Would be interesting to see if the "highest websites" differ for each of these definitions!
I share a propensity for getting interested in things like this more than I perhaps should(!) In most cases, Everest doesn't really look particularly impressive given its low prominence in relation to its neighbors, although Wikipedia seems to treat sea level as being its true "base" as a sort of special case so it still comes in at #1 on https://en.wikipedia.org/wiki/List_of_mountain_peaks_by_prom... !
Chimborazo is a fun one and I would accept a strident enough argument for it to be #1. It truly looks like a magnificent mountain too, indeed perhaps the archetypal 'mountain', if we can take aesthetics into account ;-)
> Wikipedia seems to treat sea level as being its true "base" as a sort of special case so it still comes in at #1
This is due to the definition of prominence, which is roughly "how far down do you have to go from the summit before you can go up to a higher point." This is undefined for the highest mountain, since there is no higher mountain to go up to, so height above sea level is used instead.
You make it seem that something funny is going on with Everest's prominence. That's just the definition of prominence:
> prominence measures the height of a mountain or hill's summit relative to the lowest contour line encircling it but containing no higher summit within it
By definition, this means that the highest mountain's height is its prominence.
I don't think there's anything "funny" logically ;-) It's hard to explain, but I just don't find it very gratifying as a measure given Everest is surrounded by almost equally tall mountains with small prominences (Lhotse's is about 600m) and the way Wikipedia refers to a "special definition for Everest" just illogically raises my hackles much in the same way as 1 not being considered prime does and at least that's useful ;-)
Prominence is a weird property. Consider Grays and Torreys in Colorado, two 14,000ft mountains that are very close to each other. Both are some of the tallest mountains in the country and almost the same height, but because Grays is about 3ft taller than Torreys it ends up having 5 times the prominence (2750 vs 560).
I live in Teton Valley, Idaho (6,500 feet above sea level) and I see the Grand Teton (13,775 feet) everyday (looking at it now actually).

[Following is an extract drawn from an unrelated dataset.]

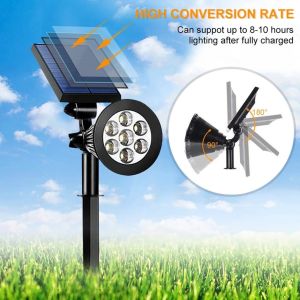【Ready Stock】7 LED Adjustable Solar Spot Lights LED Solar Light Outdoor Garden lamp IP65 Waterproof Landscape Lawn Spike Lamps Solar Led Outdoor Light LED Solar Lawn Light Waterproof Garden Lamp Light Sensor Control Pin Lights for Yard Path Lawn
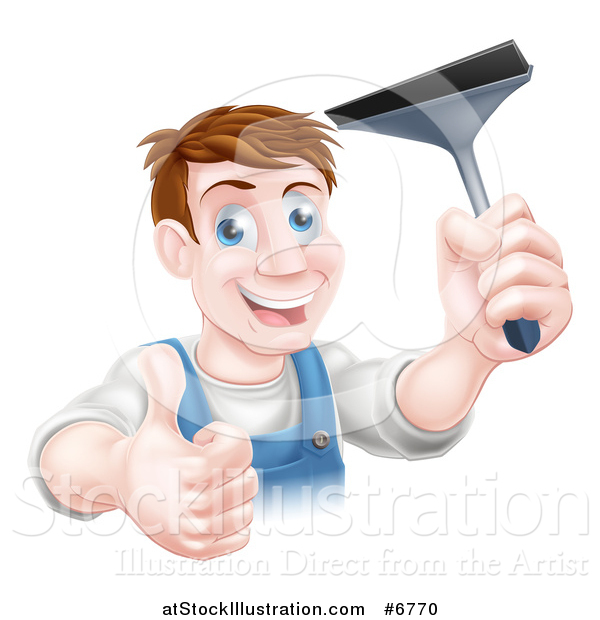 Vector Illustration of a Happy Middle Aged Brunette Caucasian Window Cleaner Man Giving a Thumb up and Holding a Squeegee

That's a prominence of 7,275 feet. I have also been to the base camp (13,550 feet) of Annapurna (26,545 feet). That's a prominence of 13,000 feet or almost double what I'm used to seeing - and that difference is stunningly obvious. I've mentioned this to people often - that just standing in the Himalaya creates a feeling of majesty that is (literally) not possible to experience anywhere else unless something like Mt. Rainer were a couple thousand feet from the Pacific coast (instead of 112 miles) or unless the oceans were drained.
The joke being that the Toblerone bar has a mountain based on the Matterhorn as it’s logo. Either that, or someone very dedicated to Toblerone chocolate created the world’s largest advertisement in the Alps. That would be quite the story. If so, they forgot the bear.

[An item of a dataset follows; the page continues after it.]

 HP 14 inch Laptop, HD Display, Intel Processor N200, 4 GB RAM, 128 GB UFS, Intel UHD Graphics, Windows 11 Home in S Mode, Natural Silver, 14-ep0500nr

> There's Muana Kea, which is the _tallest_, meaning the furthest distance from the mountain's base to its peak.
I had thought Denali in Alaska held this honor, but apparently the base of Mauna Kea is considered to be the ocean floor which makes it taller. Interesting.
You're thinking about a peak's prominence. A lot of people put a lot of thought into that, which is summed up by Wikipedia [1], including a list of talles peaks by prominence. By definition, Mount Everest wins again, as there is no col to be considered it's parent.

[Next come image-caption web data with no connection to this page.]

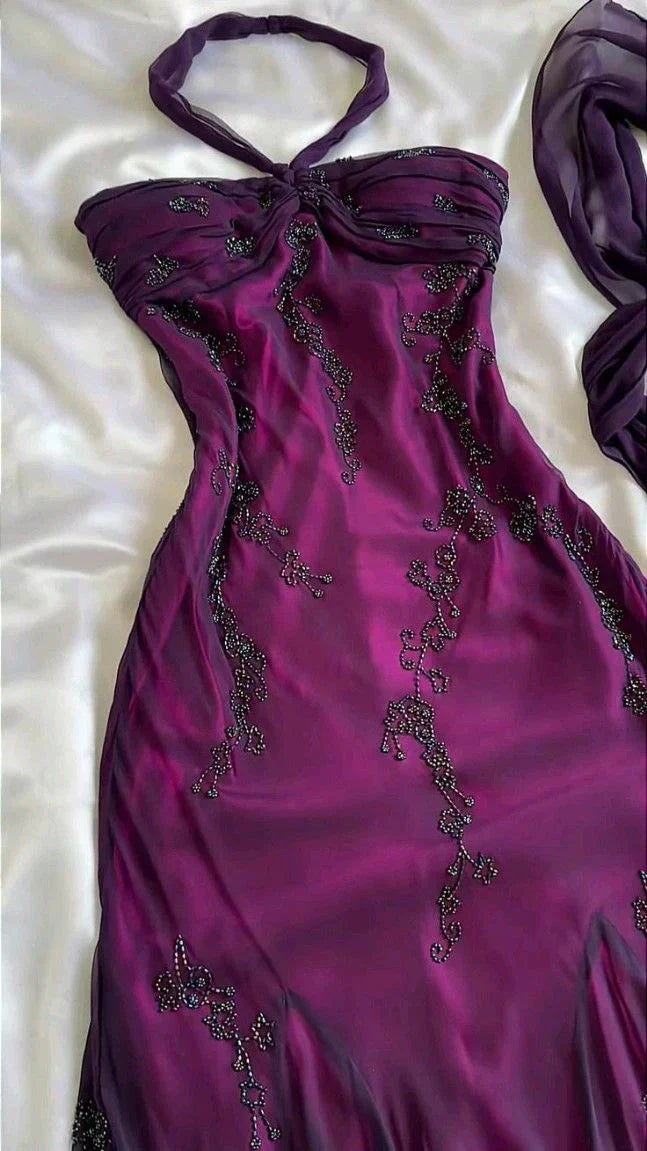 Vintage Blue Chiffon Long Formal Prom Dresses Elegant  Beaded Party Dresses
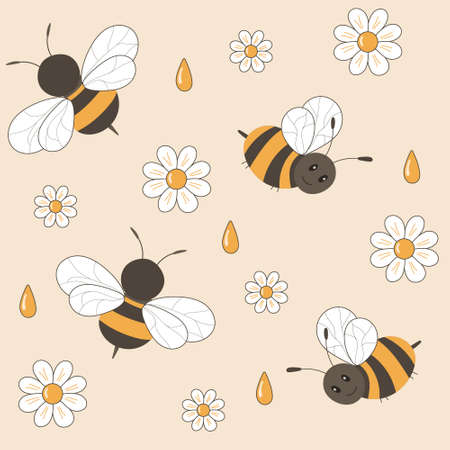 Vector image seamless cartoon pattern with wasps and bees, flowers camomiles and drops of honey.のイラスト素材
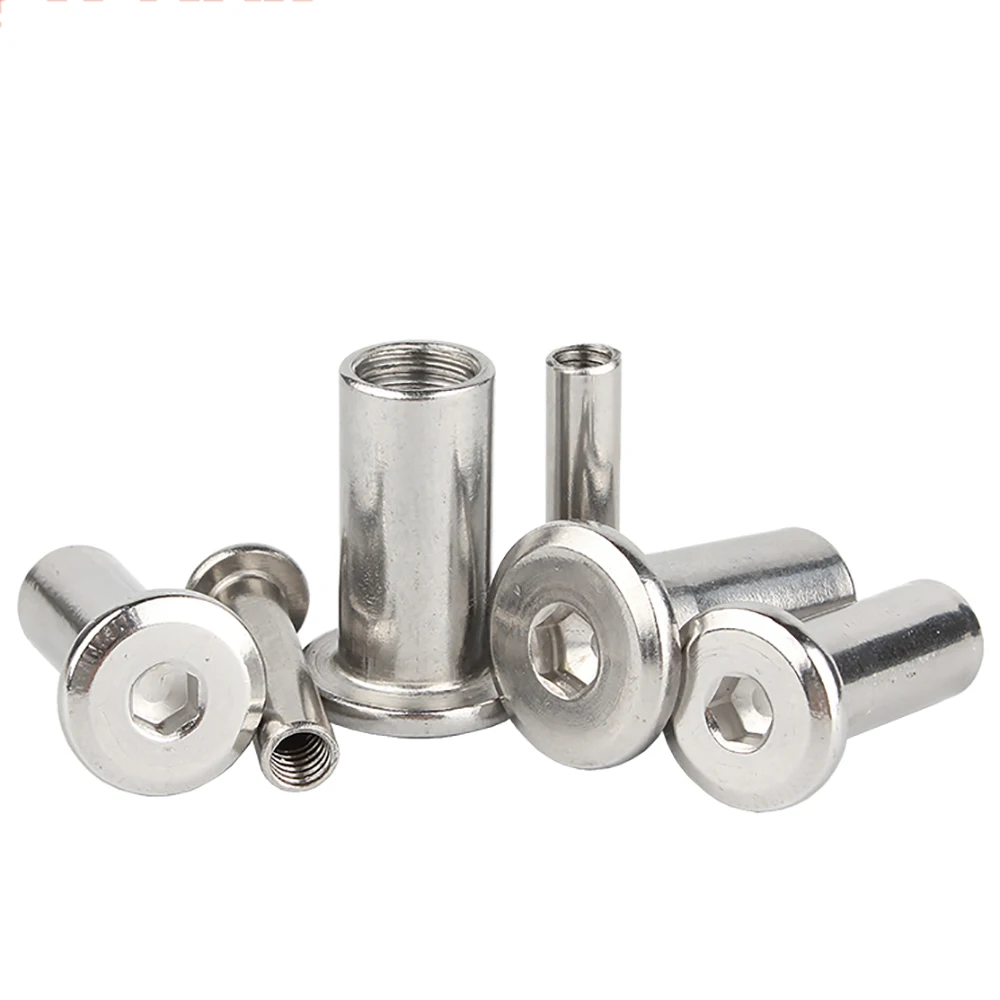 2/20 stücke M3 M4 M5 304 Edelstahl Große Flache Hex Hexagon Buchse Kopf Möbel Niet Stecker Einsatz joint Hülse Kappe Mutter – Detail 30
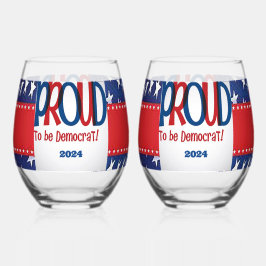 Stolz als Demokrat Weinglas Ohne Stiel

The Muana Kea claim is highly questionable. The only complete and sound definition of the "base" of a mountain would make the height the same as topographic prominence, and by definition the highest peak must also have the greatest prominence (whereas other peaks will vary wildly in ordering).
I can put my phone in my plane later today and host a website from 6 km if it'll work, though mobile antennas don't really aim high so they don't work well at altitude.
(If it was, would a website hosted on Olympus Mons (Mars) be higher or lower than one hosted on Everest? Closer to its plant's core, further from the sun, not sure about total relative gravitational potential…)
At best you could extend that argument to the karman line. Surely the atmosphere is considered part of earth (assuming the narrow definition of world to be planet)
Surely I am not departing the world by taking a flight to orlando. Otherwise, only subterranean servers would count.
I'm sure the ISS's public facing comms (I believe they host a public HAM repeater as well) are isolated. Also, there's no reason that something added well after Twitter (the first ISS direct communication was a tweet - before that tweets were related through a ground station) would be done in an obsolete way.
But lastly, unless they're hosting a forum, XSS is kinda irrelevant and 1995 predates XSS issues (and for most of the year JS)
I mean, talking to a server in Australia as the ground station, and having it launch a signal to and from the ISS (the "a bit") works. But it's connecting via some listening post like in Alice Springs, not a data center in Sydney, so you have to wonder about Australias internal internet service.
> Gecko-based browsers like Firefox show an interesting behavior when trying to make the site any higher than 18.939583 kilometers, “shrinking” or “collapsing” the main container.
I posted this on HN hoping to find an explanation. I tried all sorts of calculations, including measuring my screen size to find how many centimetres 1 pixel is but couldn't make sense of any it.
Small nitpick: an inch is 2.54 cm, not 2.56 cm. That makes the html element 284035.5 cm high, which I guess is the height of that "whws" div plus the height of text and margins above and below.
In any case about 28.4 m is a long way of from 18.94 km.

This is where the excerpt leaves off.